Bill Stewart was hired in the euphoric haze following his interim coaching victory over Oklahoma in the 2008 Fiesta Bowl. Many thought he was in over his head from the beginning, and he often seemed one catastrophic defeat away from being canned. The wheels for his departure were greased this season after back-to-back losses to Syracuse and Connecticut, two setbacks that ultimately kept West Virginia out of a BCS bowl.
Yet Stewart still managed to win nine games for a third straight year and earn a share of a Big East title, with a 10th win possible in the Champs Sports Bowl. Exactly one week ago, West Virginia sent out a press release touting its recognition for graduating 90 percent of its football players.
That left Luck in an odd position: How do you fire a loyal servant whose record and achievements belie his perception among the fans? Hence this awkward succession plan, in which Holgorsen will serve as an offensive coordinator for one year until Stewart retires after the 2011 season.
Make no mistake: the 59-year-old Stewart wasn't interested in retiring. He sure isn't thrilled about grooming his own successor.
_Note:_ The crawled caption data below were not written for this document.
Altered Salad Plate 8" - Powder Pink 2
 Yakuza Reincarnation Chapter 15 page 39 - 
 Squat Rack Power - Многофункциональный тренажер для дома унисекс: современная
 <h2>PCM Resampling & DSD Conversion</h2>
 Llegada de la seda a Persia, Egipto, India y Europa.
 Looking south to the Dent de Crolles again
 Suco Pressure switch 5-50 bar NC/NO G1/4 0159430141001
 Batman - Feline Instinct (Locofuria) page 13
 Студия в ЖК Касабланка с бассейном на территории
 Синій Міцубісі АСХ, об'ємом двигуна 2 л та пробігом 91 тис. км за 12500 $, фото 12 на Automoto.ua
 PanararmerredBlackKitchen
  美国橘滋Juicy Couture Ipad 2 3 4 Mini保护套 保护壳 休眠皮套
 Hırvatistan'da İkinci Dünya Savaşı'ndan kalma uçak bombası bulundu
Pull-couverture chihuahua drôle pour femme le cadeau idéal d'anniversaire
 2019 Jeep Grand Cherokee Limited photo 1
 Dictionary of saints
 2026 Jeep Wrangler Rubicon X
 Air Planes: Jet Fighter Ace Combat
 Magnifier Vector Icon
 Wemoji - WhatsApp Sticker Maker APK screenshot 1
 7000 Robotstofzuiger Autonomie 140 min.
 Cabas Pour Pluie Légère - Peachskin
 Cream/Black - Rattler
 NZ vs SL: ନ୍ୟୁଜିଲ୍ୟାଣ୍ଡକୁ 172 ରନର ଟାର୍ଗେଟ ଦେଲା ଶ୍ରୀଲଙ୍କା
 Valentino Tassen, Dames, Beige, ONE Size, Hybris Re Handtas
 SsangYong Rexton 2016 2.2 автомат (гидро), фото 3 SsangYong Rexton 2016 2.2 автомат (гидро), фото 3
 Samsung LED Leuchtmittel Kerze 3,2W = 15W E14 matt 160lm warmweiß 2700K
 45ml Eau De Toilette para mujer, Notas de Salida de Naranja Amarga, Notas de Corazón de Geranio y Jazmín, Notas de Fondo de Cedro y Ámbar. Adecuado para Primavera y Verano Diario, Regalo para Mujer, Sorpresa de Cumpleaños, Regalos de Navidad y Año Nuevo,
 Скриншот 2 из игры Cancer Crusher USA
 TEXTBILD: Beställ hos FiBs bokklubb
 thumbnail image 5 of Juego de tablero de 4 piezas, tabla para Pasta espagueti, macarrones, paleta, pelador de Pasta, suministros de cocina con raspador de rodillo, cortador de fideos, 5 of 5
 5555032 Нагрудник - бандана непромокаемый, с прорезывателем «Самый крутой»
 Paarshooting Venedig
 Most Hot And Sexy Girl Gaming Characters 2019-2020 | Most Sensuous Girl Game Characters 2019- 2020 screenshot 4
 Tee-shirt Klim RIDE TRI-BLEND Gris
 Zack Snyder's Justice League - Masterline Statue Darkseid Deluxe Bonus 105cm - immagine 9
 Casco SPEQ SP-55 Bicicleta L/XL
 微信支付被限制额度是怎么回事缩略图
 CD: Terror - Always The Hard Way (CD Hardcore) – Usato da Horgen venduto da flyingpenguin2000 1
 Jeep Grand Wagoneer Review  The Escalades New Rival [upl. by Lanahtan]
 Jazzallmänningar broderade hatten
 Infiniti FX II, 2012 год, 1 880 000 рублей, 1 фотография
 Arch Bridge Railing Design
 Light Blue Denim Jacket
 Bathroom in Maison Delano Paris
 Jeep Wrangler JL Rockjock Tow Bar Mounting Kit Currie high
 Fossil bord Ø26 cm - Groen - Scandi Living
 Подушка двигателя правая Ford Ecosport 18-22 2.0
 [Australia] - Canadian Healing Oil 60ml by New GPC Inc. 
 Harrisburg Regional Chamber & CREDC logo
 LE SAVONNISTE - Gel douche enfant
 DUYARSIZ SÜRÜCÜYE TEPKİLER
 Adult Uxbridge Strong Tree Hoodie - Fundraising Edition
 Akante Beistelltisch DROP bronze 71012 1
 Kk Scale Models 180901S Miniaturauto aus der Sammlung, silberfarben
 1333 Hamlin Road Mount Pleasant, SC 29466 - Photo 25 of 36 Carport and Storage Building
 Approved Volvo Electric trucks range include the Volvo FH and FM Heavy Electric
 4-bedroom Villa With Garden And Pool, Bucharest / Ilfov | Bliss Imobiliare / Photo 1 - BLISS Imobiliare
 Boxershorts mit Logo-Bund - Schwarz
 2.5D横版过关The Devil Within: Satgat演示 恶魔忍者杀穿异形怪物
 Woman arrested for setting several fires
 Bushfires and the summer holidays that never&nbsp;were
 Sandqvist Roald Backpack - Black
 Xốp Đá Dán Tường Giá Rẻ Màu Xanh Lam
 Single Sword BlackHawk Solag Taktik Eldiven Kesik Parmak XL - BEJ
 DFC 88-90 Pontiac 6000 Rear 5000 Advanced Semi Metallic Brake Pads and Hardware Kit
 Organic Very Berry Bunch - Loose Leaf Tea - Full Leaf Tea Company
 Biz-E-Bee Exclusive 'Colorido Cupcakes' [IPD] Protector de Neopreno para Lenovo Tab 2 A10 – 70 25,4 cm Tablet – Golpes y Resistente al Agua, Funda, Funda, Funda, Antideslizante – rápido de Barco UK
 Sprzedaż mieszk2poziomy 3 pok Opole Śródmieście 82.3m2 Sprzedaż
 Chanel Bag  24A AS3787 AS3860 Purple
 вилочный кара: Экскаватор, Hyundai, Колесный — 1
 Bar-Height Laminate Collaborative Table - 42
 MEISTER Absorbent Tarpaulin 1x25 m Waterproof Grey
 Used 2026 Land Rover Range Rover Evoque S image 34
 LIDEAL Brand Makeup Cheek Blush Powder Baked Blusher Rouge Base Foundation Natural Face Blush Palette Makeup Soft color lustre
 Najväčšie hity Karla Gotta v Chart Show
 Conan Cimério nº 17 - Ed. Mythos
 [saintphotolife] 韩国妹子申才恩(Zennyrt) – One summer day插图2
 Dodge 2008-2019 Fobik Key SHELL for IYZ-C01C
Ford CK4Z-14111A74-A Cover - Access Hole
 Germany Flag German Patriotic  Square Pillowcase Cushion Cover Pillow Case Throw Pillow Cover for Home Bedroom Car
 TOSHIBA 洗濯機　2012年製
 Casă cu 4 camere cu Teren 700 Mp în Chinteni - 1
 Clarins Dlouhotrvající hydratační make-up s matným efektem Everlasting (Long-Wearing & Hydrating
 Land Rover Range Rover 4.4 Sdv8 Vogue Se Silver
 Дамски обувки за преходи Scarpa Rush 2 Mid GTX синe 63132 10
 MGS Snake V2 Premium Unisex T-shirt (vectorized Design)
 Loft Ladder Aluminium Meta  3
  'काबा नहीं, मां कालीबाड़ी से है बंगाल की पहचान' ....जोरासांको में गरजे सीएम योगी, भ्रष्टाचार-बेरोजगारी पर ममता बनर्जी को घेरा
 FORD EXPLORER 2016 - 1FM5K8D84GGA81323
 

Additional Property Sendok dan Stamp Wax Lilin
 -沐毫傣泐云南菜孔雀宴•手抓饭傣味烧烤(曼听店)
Yet he was left with little choice.
The 2011 season will be fascinating to watch, as Holgorsen acts as the coach-in-waiting that Stewart didn't hire, perhaps with a few of Holgorsen's guys on the offensive staff. The entire defensive staff, led by coordinator Jeff Casteel, will be allowed to remain if they so choose. That could create a majorly awkward transition, if not outright tension. I can't help but think of the internal struggles at Florida State in Bobby Bowden's last year when Jimbo Fisher was the chosen successor, or the staff chemistry problems in Steve Kragthorpe's first year at Louisville when he was forced to retain several of Bobby Petrino's former assistants.
Holgorsen can use a bit of seasoning on the job; he's only 39 and his lone coaching stints east of the Mississippi River came at his first stops at Valdosta State and Wingate. He needs time to learn the unique culture of West Virginia, and he hasn't been known as an ace recruiter during his career.
Still, I think Luck would have been better off just biting the bullet and forcing Stewart out now if he knew he wanted to go another direction. Let Holgorsen bring in his own staff, learn on the job as he needs to and get on with moving forward. How weird will it be, for example, if West Virginia goes 12-0 next year and still pushes Stewart aside? Or what if staff chemistry problems lead to a disappointing 2011, putting Holgorsen in a hole before he ever moves into the big office?
The only way this works in 2011 is if Stewart is humble enough to set his own ego aside and truly show Holgorsen the ropes. With other coaches, I'd give that little chance. But Stewart is such a genuine and loyal guy that maybe he can actually make it happen, despite how heartbroken he must be right now about losing his dream job.
One thing's clear: the Mountaineers are going to be a whole lot of fun to watch on offense in 2011 and beyond. They will also have a fascinating subplot thanks to this new, odd relationship.